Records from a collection
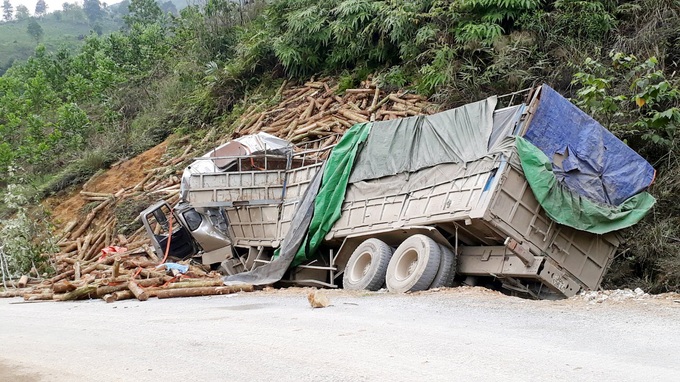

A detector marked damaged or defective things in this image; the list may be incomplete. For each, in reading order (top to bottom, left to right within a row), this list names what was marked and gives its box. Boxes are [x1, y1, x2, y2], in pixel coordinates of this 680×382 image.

overturned truck [141, 86, 656, 298]
crushed truck cab [141, 86, 656, 298]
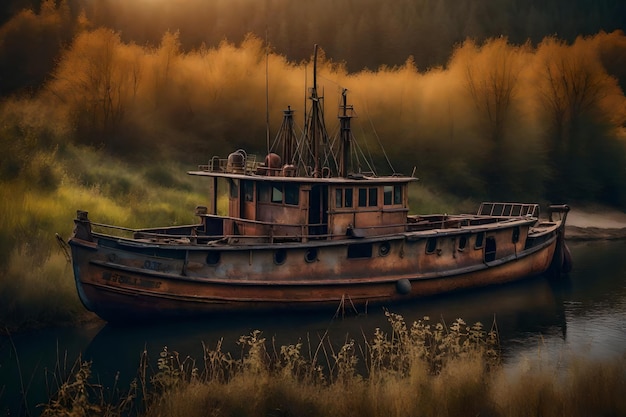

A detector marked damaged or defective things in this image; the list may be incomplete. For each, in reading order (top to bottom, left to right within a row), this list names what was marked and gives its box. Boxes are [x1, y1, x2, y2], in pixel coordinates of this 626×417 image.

old rusty boat [68, 45, 572, 320]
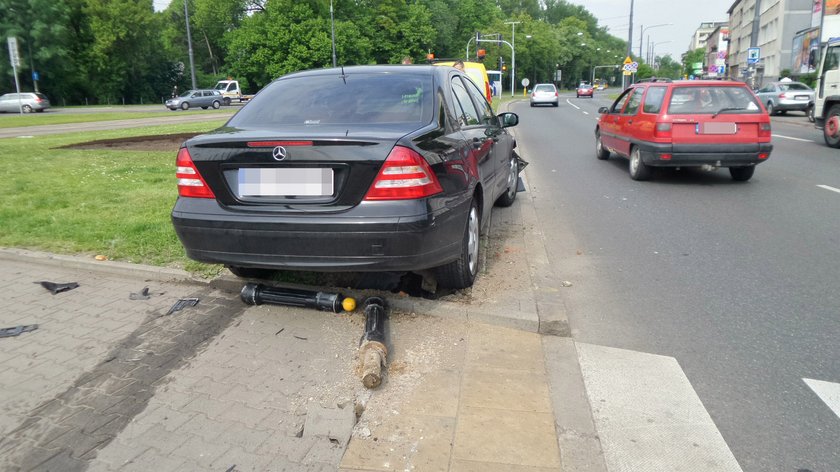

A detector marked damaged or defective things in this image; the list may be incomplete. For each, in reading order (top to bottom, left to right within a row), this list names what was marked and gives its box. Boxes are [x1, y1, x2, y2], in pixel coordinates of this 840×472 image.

broken pole base [360, 342, 388, 390]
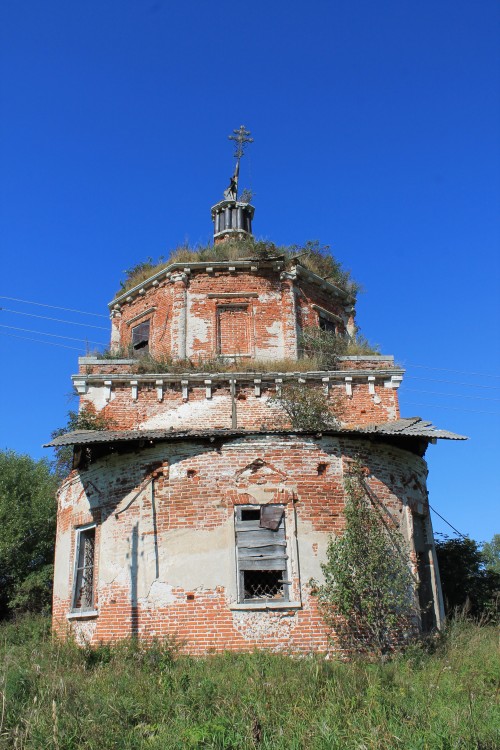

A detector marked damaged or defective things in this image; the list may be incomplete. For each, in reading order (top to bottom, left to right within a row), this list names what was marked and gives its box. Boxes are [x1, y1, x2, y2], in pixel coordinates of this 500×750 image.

broken window frame [131, 320, 150, 356]
rusty metal roof [45, 418, 466, 446]
broken window frame [71, 524, 96, 612]
broken window frame [234, 506, 290, 604]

> **Aim of the task**
Only the lines from the one containing "this 626×417 image." through the last line of the data may appear in the answer, each given again exactly and with pictures left out.

> **Answer for this exercise**
A detector marked damaged or defective things in this image; the list may be incomplete. For each, in reading order (top to bottom, left to right within a row), this list names what was marked and gives its box. Boxes are [x1, y1, x2, y2], in pixel coordinates of this 626×417 image.

old rusty boat [68, 45, 572, 320]

A detector marked damaged or defective things in this image; the list may be incomplete. For each, in reading order (top to bottom, left to right within a row), this list names what was marked and gives its box. Boxes are [x1, y1, x2, y2], in pixel coordinates of this 840×472 image.

broken pole base [360, 342, 388, 390]

A detector marked damaged or defective things in this image; the list may be incomplete. For each, in reading order (top to bottom, left to right within a row), this list names what was marked and gives its box. Boxes are [x1, y1, x2, y2], in pixel coordinates of this 500×750 image.

broken window frame [131, 320, 150, 356]
rusty metal roof [45, 418, 466, 446]
broken window frame [71, 524, 96, 612]
broken window frame [234, 506, 290, 604]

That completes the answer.